There’s great news for Queensland as the state has been identified as the next property buying hotspot for Chinese investors. And rightly so. Queensland is perceived as a much more affordable investment option right now compared to the likes of Sydney and Melbourne which are seeing property prices hit the roof and could actually start to see some of its own overseas Chinese investors flocking up the coast to the sunshine state instead.
According to Juwai.com’s Purchasing Intent Index for Q2, Chinese purchasing intent was up by a massive 35 per cent month-on-month and up 17 per cent on the same period one year ago.

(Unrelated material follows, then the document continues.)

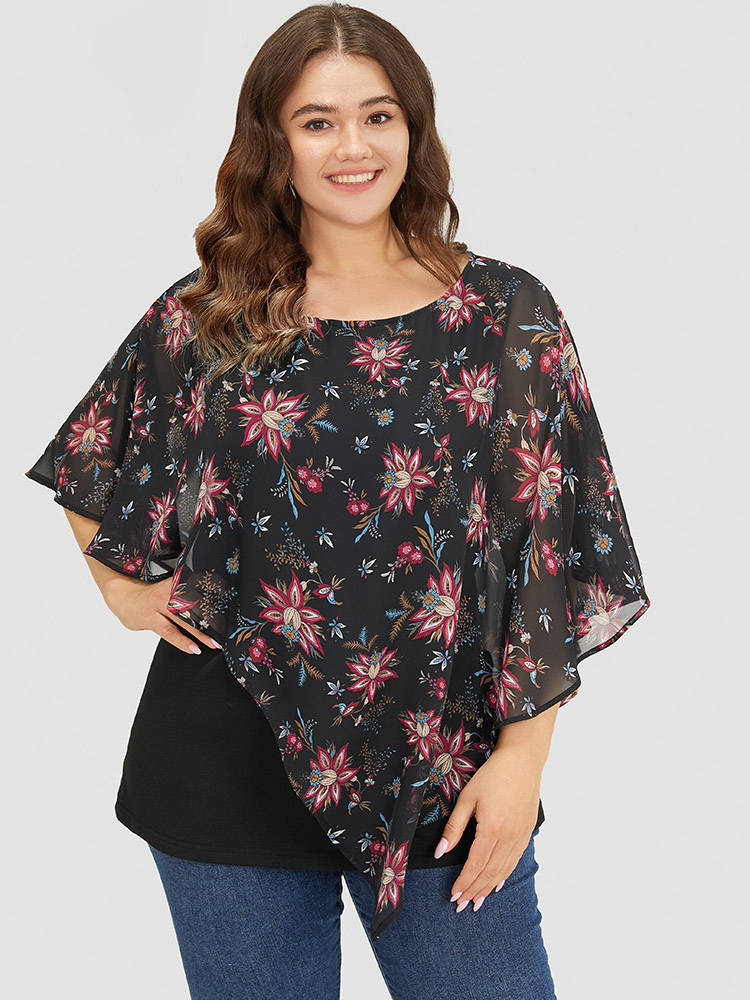 Plus Size Women Dailywear Floral Ruffle Sleeve Half Sleeve Round Neck Elegant T-shirts BloomChic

The purpose of Juwai.com’s Purchasing Intent Index, is that it measures Chinese interest in a given location by tracking online property hunting activity on the portal. This acts as a go-between between Chinese property buyers and international property marketers.
So far this year, Queensland is performing well with Brisbane, the Gold Coast and Townsville all up in the first half of 2015. In fact, the Gold Coast is a serious magnet for Chinese investors with purchasing intent up an incredible 161 per cent on the first quarter, whilst it is up a massive 1,120 per cent on the same time last year.

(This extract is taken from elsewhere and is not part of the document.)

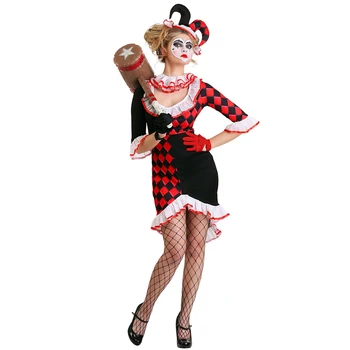 Множественный Карнавал Хэллоуин Леди Цирк Покер Костюм Клоуна Классический Сумасшедший Злой игровой костюм Пеннивайза Косплей Необычное вечернее платье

It is forecasted by Juwai.com that the Gold Coast will continue to perform well and become an attractive place to visit and live, especially as the new direct flights from Wuhan to the Gold Coast is set to bring in an additional 35,000 travellers a year. This tourism is expected to generate approximately $53 million per annum which in turn will lead to an increase in real estate transactions.
As well as the Gold Coast performing well for Chinese overseas investors, Brisbane is also up 12 per cent compared to the same time last year, having peaked in the first quarter, whilst Townsville is also 4 per cent higher on last year and peaked during Q1.
According to Simon Henry, co-CEO of Juwai.com, “The Gold Coast is doing particularly well this year, especially as buyer interest temporarily reached a low point in 2014.”
He also added that, “Queensland cities have not been the most popular with Chinese buyers over the past five years, but they are growing quickly”.
Within Australia, Juwai.com partners exclusively with Ray White, LJ Hooker, Raine and Horne and Re/Max and is the Chinese partner.
As well as Queensland being more attractive in price, it also has the lifestyle factors and warmer, tropical climate that appeals to many Chinese investors.
It is interesting to note though that the attitude of Chinese investors has changed over the years. Today, the average Chinese investor is more accustomed with the Australian property market and might have already invested in property in Australia or overseas, whilst they are more familiar with the country and speak the language. Previously, these investors typically were first-time buyers with little experience in investing in overseas markets.
The exchange rate has also helped and motivated Chinese investors to invest in Aussie real estate with the Aussie dollar weakening meaning that Chinese investors can get more for their money.
Simon Henry also stated that if Australia was to continue to attract billions of dollars of international investment, it needed to focus on four key areas.
- Invest in infrastructure (including increase number of direct flights from China)
- Maintain and improve the quality and reputation of its educational system
- Invest in protecting high quality of life
- Regulate foreign visitors and investors with fairness and transparency
Queensland is expected to grow in the next couple of years as it moves into the recovery phase of the property cycle. Property prices are starting to rise and there are a number of new developments and construction work occurring, even though there is still a huge demand for residential property.
Chinese investors will do well to get in as soon as possible to make the most of this rising market before a boom occurs pushing prices sky high.